__Exercise prompt__: The answer is the exact text of every line from the one that contains "C127 C128 RC" to the final line of the entries below, with pictures left out.

__Data excerpts__:
___

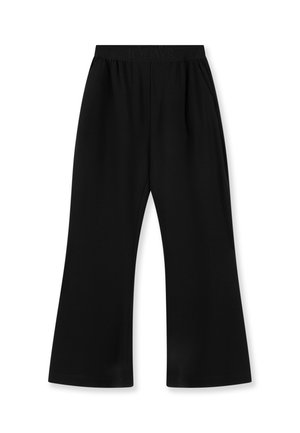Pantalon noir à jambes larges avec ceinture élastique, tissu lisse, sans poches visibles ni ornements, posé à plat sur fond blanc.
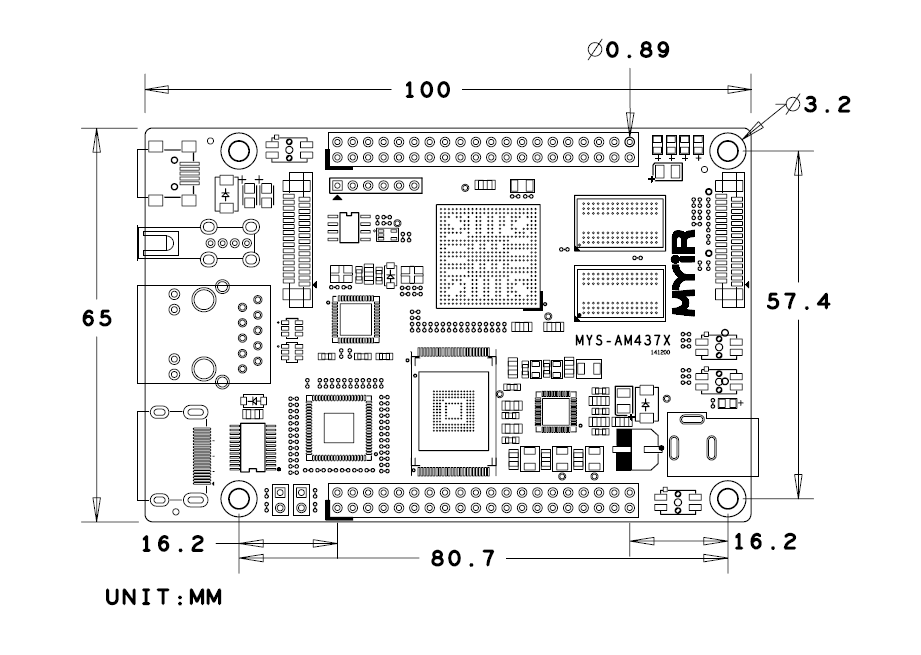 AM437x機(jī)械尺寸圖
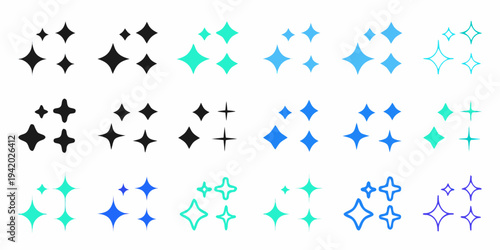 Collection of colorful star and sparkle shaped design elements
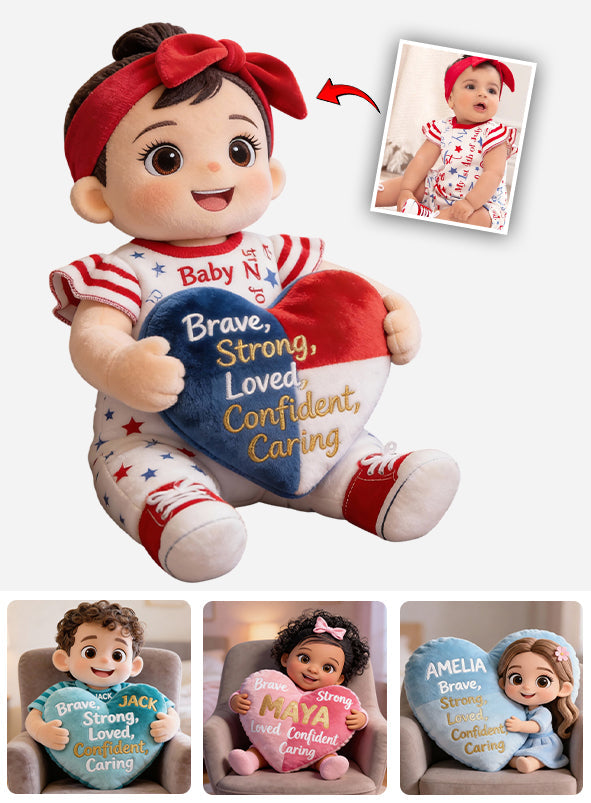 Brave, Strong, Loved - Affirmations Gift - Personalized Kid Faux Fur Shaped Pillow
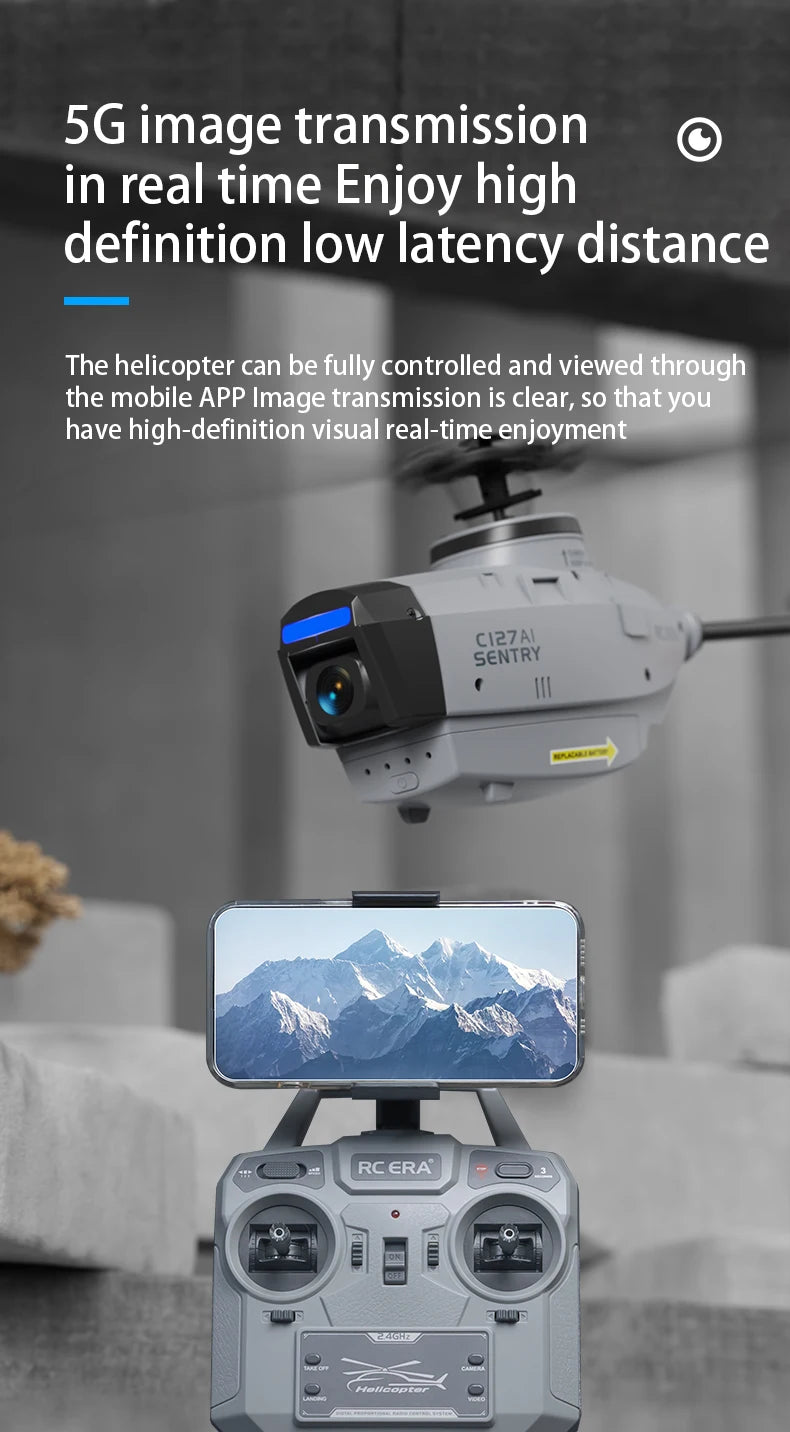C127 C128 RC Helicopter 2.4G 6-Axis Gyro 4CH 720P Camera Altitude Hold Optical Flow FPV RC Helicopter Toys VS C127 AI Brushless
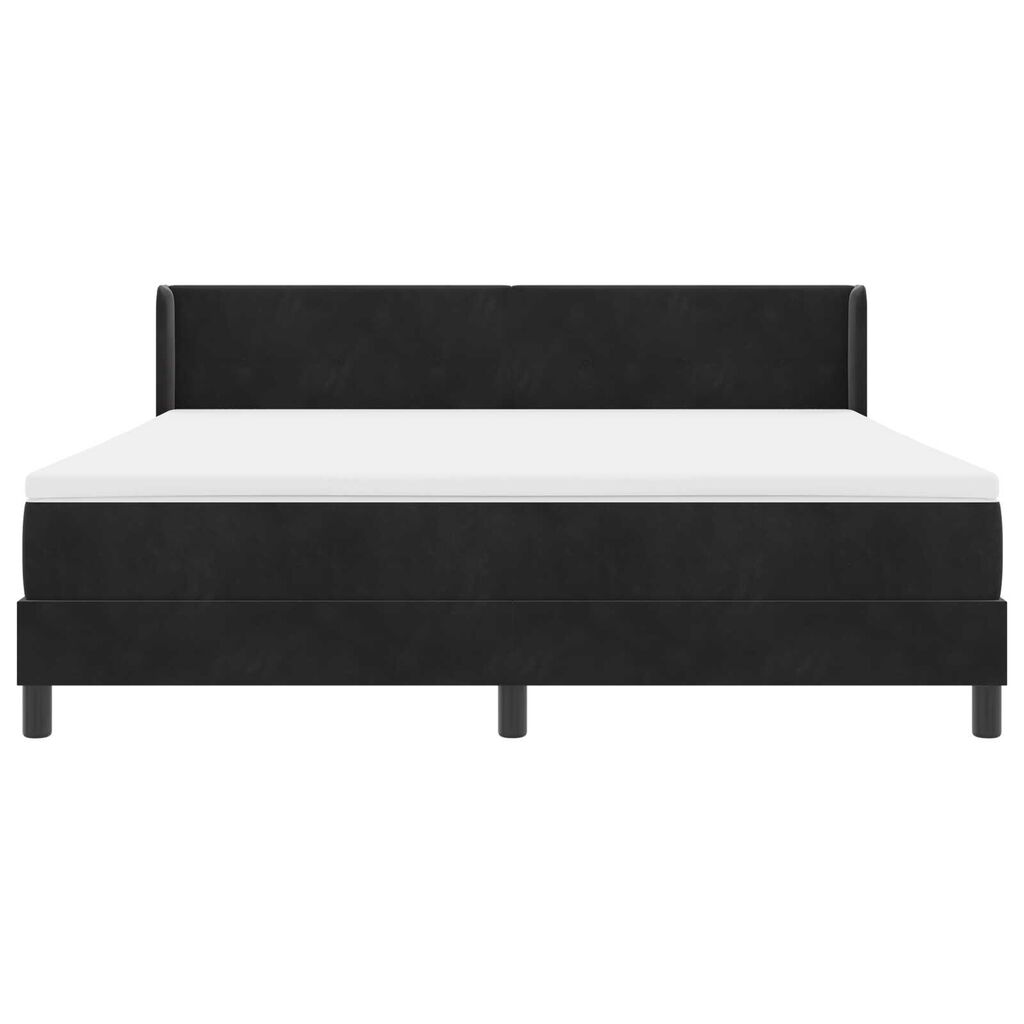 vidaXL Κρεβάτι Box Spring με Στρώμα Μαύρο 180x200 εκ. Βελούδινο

___

__Exercise answer__:
C127 C128 RC Helicopter 2.4G 6-Axis Gyro 4CH 720P Camera Altitude Hold Optical Flow FPV RC Helicopter Toys VS C127 AI Brushless
 vidaXL Κρεβάτι Box Spring με Στρώμα Μαύρο 180x200 εκ. Βελούδινο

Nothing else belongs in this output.